The processes we are looking for are the:

  • Tickerplant (TP)
  • Intraday Persisting Database (IPDB)
  • End of Day Persisting Database (EPDB)
  • Historical Database (HDB)
pipeline:
  name: DemoPipeline
  type: realtime

  expose-to-gw: true

  taxonomy:
    region: global
    data-source: demo

  proc-layout:
    -
      all: all-processes

  processes:
    tp:
      port: 43210
      pub-mode: timer
      pub-freq-ms: 100
      log-to-journal: true
      rollover-mode: daily-at-time
      rollover-time: "00:00:00.001"
      enable-analyst: true
    hdb:
      timeout: 30
      port: 43211
      enable-analyst: true
    ipdb:
      write-freq: 60000
      write-row-limit: 0
      enable-analyst: true
      port: 43212
    epdb:
      timeout: 0
      enable-analyst: true
      port: 43213

Creating the table

The table being used in this example is the same as the example table in Creating Pipelines.

table:
  name: DemoTable
  id-col: sym
  time-col:  time
  intra-persist-type: splay
  end-persist-type: date-partition

  taxonomy:
    -
      region: global
      data-source: demo

  columns:
    -
      name: time
      data-type: timestamp
      attribute: sorted
    -
      name: sym
      data-type: symbol
      attribute: grouped
    -
      name: price
      data-type: float
    -
      name: volume
      data-type: long

Publishing the data

Creating the dummy data (CSV)

This is our example CSV data > demo.csv.

2023.03.29D00:00:05.000000000,AAPL,20,5
2023.03.29D00:00:06.000000000,TSL,23,10
2023.03.29D00:00:07.000000000,JPM,25,2

Creating the publishing script

Next let's make a q script (demoPub.q) which will be run to publish the data in the Demo.csv file to the TP.

// Creates a connect to the TP on your host using the example TP's port (43210)
tp: hopen `:aaa.refinery.aws.kx.com:43210;

// Loads in the data from the csv and saves in to a variable 'tbl'
tbl: flip `time`sym`price`volume ! ("PSFJ";",") 0: `demo.csv;

// Uses the `upd function to publish the saved data in 'tbl' to the TP under the DemoTable schema
tp(`upd;`DemoTable;tbl);  

Source data with no time-based column

If your source data has no time-based column, a current workaround for this is applying .z.p to the timestamp column within your publishing script before uploading to the TP.

tbl: flip `sym`price`volume ! ("SFJ";",") 0: csvFile;
tbl: `time`sym`price`volume xcols update time: .z.p from tbl;

Non-time series source data

If you want to upload non-time series data, you'll first need to have your pipeline configured to allow non-time series data to be stored.

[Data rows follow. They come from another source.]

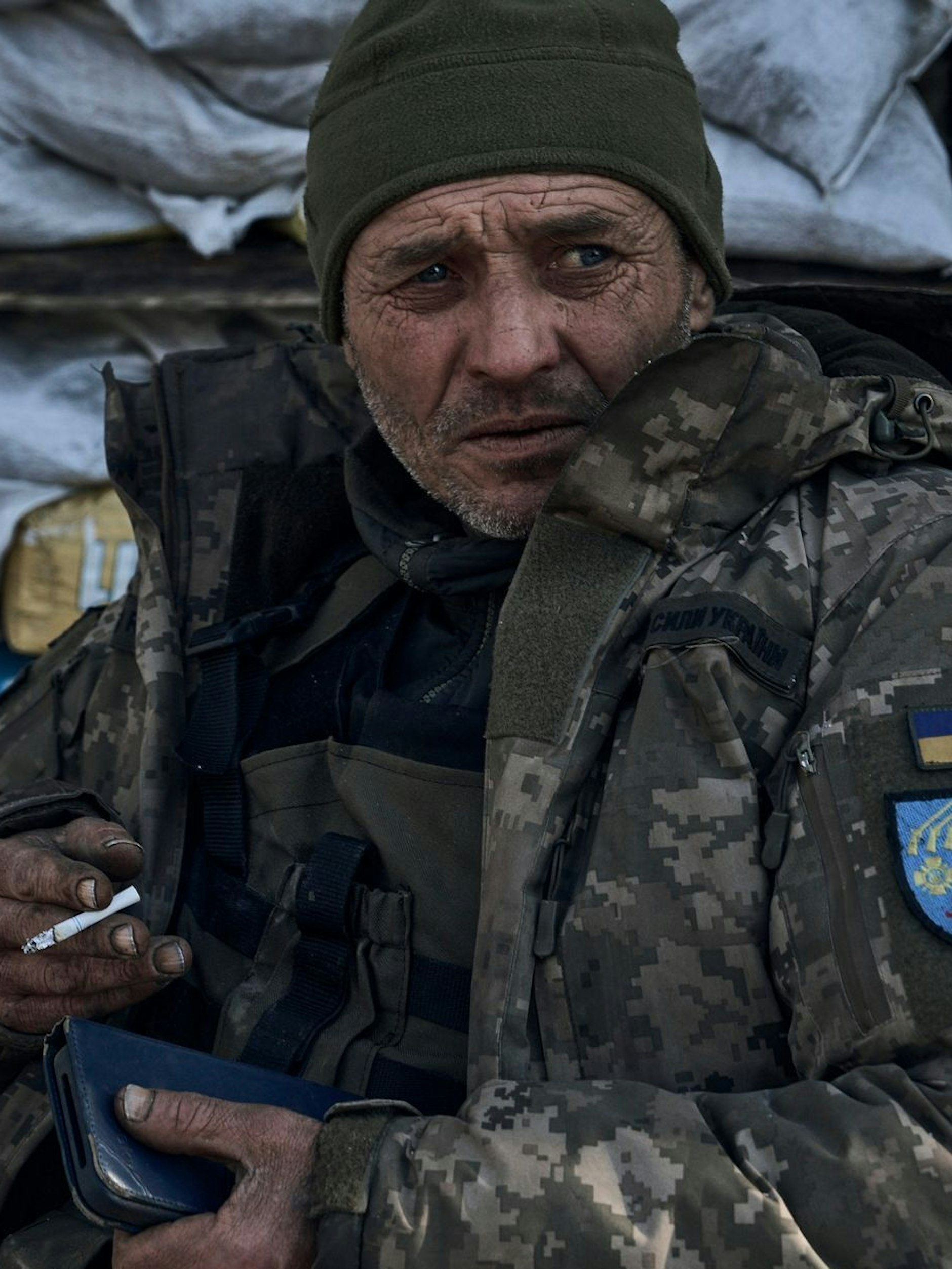 Ein erschöpfter ukrainischer Soldat der Truppe, die die Stadt Bachmut verteidigt, raucht eine Zigarette.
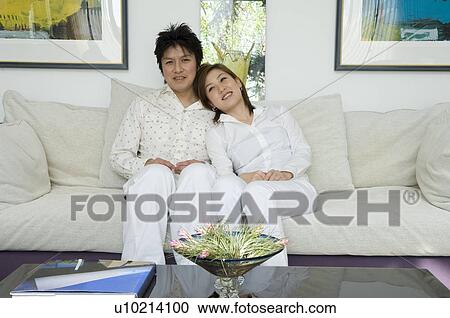 Stock Image - Couple sitting on sofa. Fotosearch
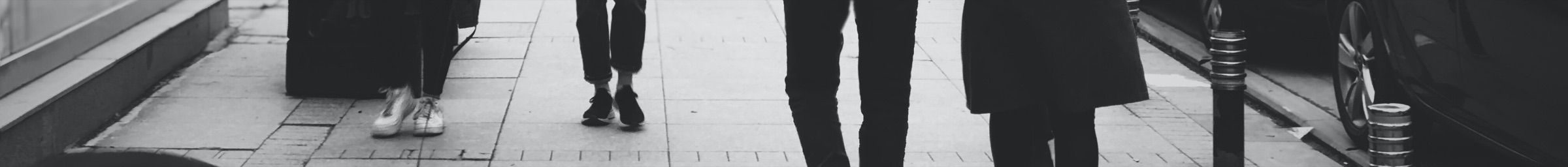 People walking along a city pavement, seen at ankle height in black and white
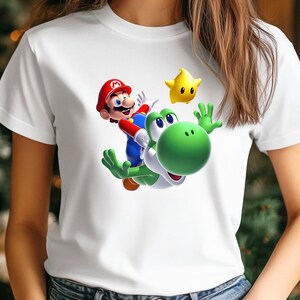 Op de afbeelding: Wit T-shirt met een kleurrijke afbeelding van Mario die op Yoshi rijdt, vergezeld van een gele ster. Het ontwerp is gecentreerd op het shirt. Het T-shirt is gemaakt van een zacht, comfortabel materiaal.
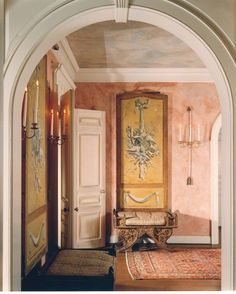 an archway leading into a living room with paintings on the wall and rug in front of it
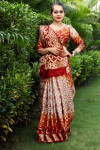 Beige and maroon color hand bandhej silk saree with zari weaving work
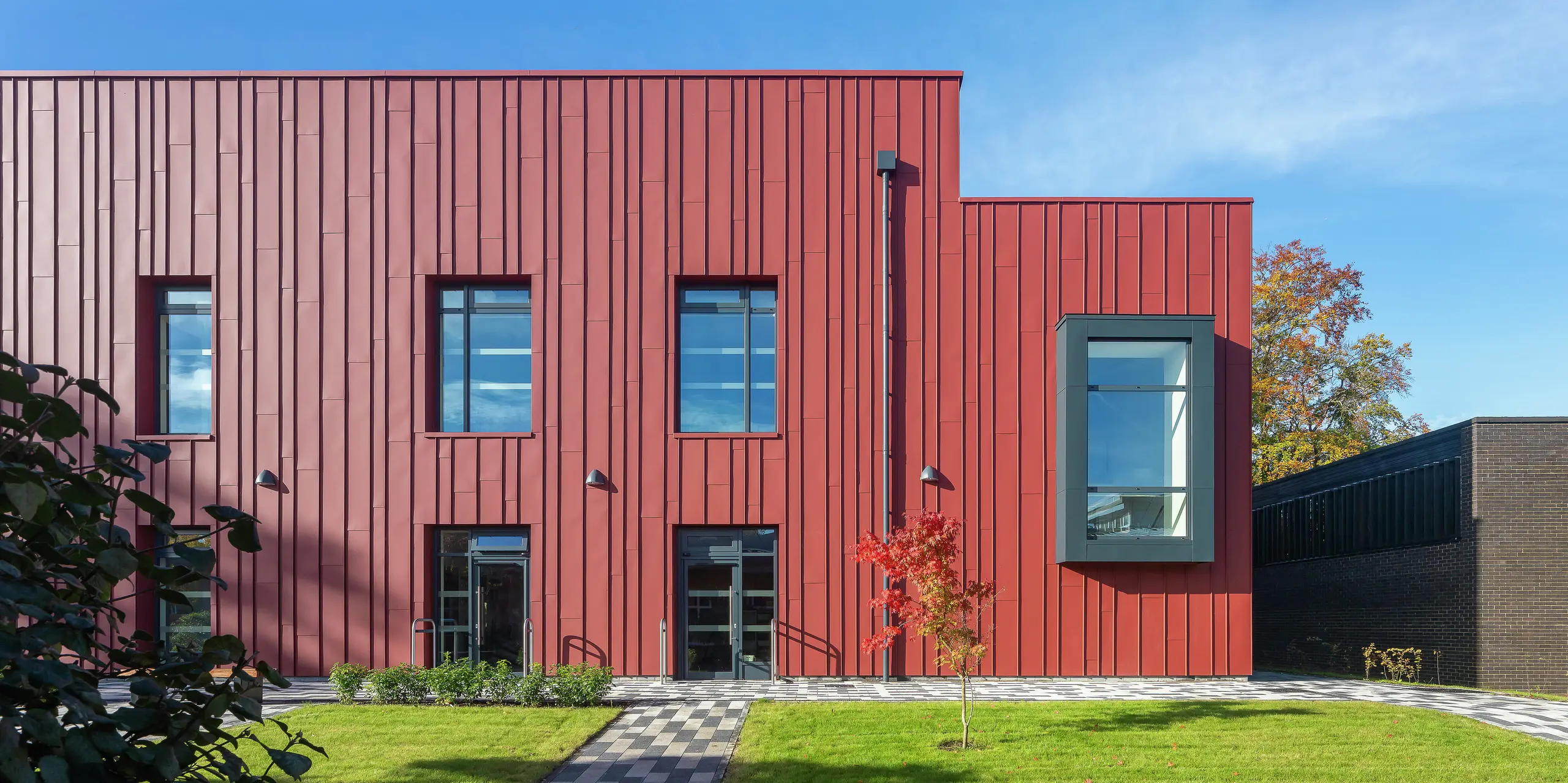 Moderná architektúra s PREFALZ: Fasáda Soldiers' Centre v Pirbrightu zaujme elegantným obložením z PREFALZ v odtieni P.10 tmavočervená. Štýlové okenné rámy v odtieni P.10 Anthrazit dodávajú budove dynamický vzhľad. Trvanlivé, estetické a udržateľné – hliníkové produkty PREFA pre inovatívne stavebné koncepty.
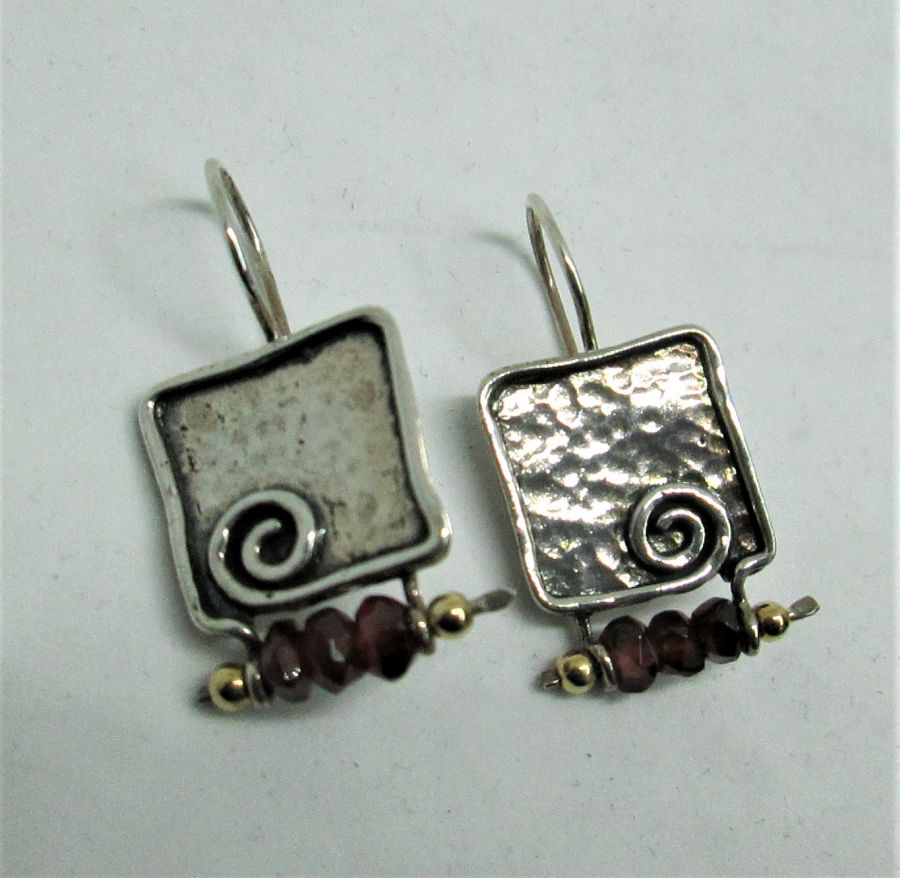 The hook in sterling silver earrings Garnets can not be changed to screw finding for non pierced ears. Dimension 1.5 cm X 1.9 cm approximately.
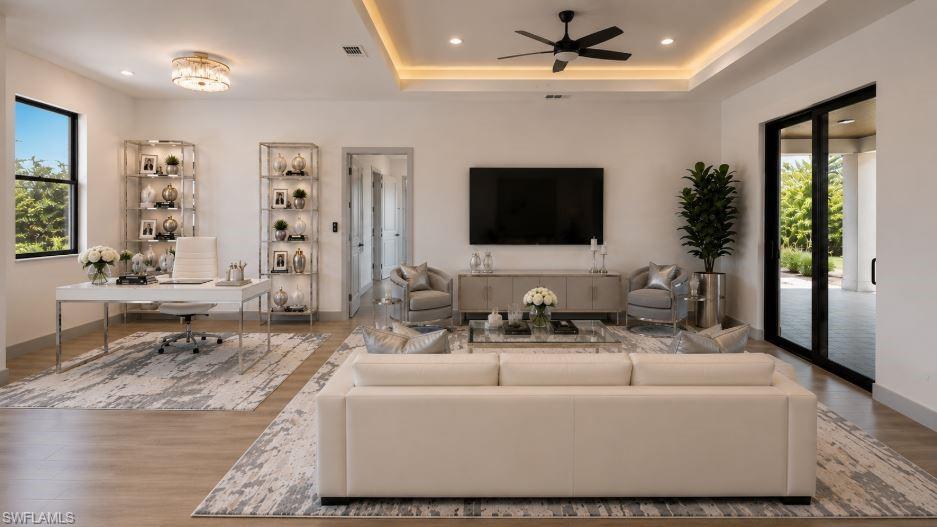 Expansive living area featuring light wood-finish flooring, recessed lighting, and a tray ceiling with accent lighting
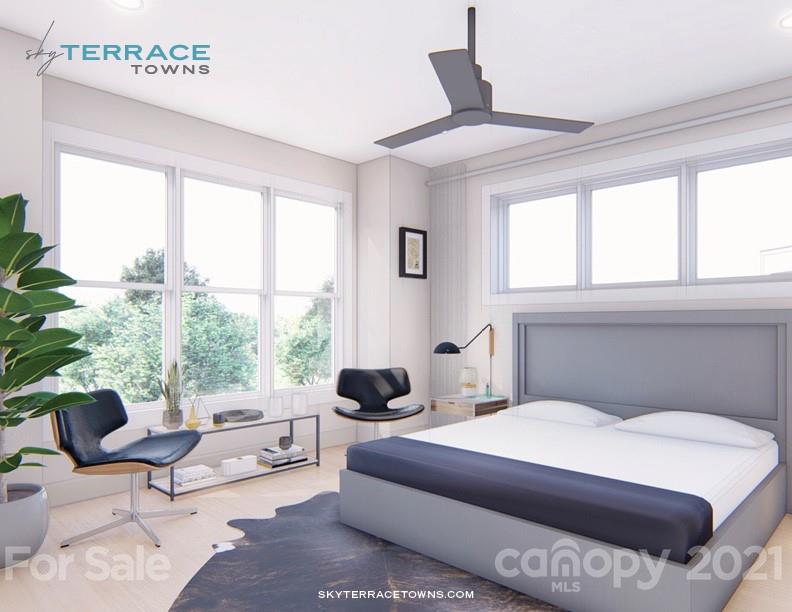 2335 Wesley Village Road, Unit 35 Charlotte, NC 28208 - Photo 12 of 28 a bedroom with a large bed and a window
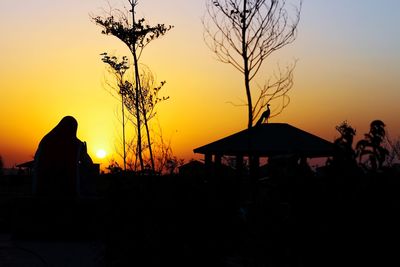 Silhouette built structure against orange sky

You do so by adding in the parameter allow-non-timeseries-data: true to the pipeline config. With this added, you'll need to edit your table YAML file to not include a time column or the time-col specification. Upload the CSV file as you would normally with no time data.

Publishing script for large CSV files

Sometimes you might want to publish a large CSV file. If memory management is a concern, .Q.fs uploads the table in chunks making the uploading less load bearing.

Note

.Q.fs is a projection of .Q.fsn with the chunk size set to 131000 bytes.

// Sets a global connection to the TP on your host using the example TP's port (43210)
`tp set hopen `:aaa.refinery.aws.kx.com:43210;

// Creates a function to be run within the .Q.fs function
// Using the load and publish functionality used in the first script
loadAndPublish: {[csvFile]
    tbl: flip `time`sym`price`volume ! ("PSFJ";",") 0: csvFile;
    neg[tp](`upd;`DemoTable;tbl) //asynchronously publishing to TP
    };

// .Q.fs loads in the file in chunks to reduce the load on the processes
.Q.fs[loadAndPublish;`:demo.csv]; 

Send the data to the tickerplant

Now that our two files (demo.csv & demoPub.q) are set up, in our command line run q demoPub.q and the data will be sent to the TP.

Note

Make sure that you have q installed/set up where you are running the command from.

Checking the data

Your Gateway Client won't be able to see your data until it has been loaded into the HDB which will happen at EOD, but you can force the EOD to save the data down into the HDB by running the rollover command in the IPDB.

refinery pipeline --rollover DemoPipeline --instance 0 --include-today

This will force the EOD function to start. If you go to the Gateway Client and run the following query, you will see your data displayed. Thus confirming that your data has safely been loaded into the HDB.

.gwClient.query.sync[`getTicks; `dataSource`dataType`startDate`endDate`idList!(`demo; `DemoTable; 2023.03.29; .z.d; `)]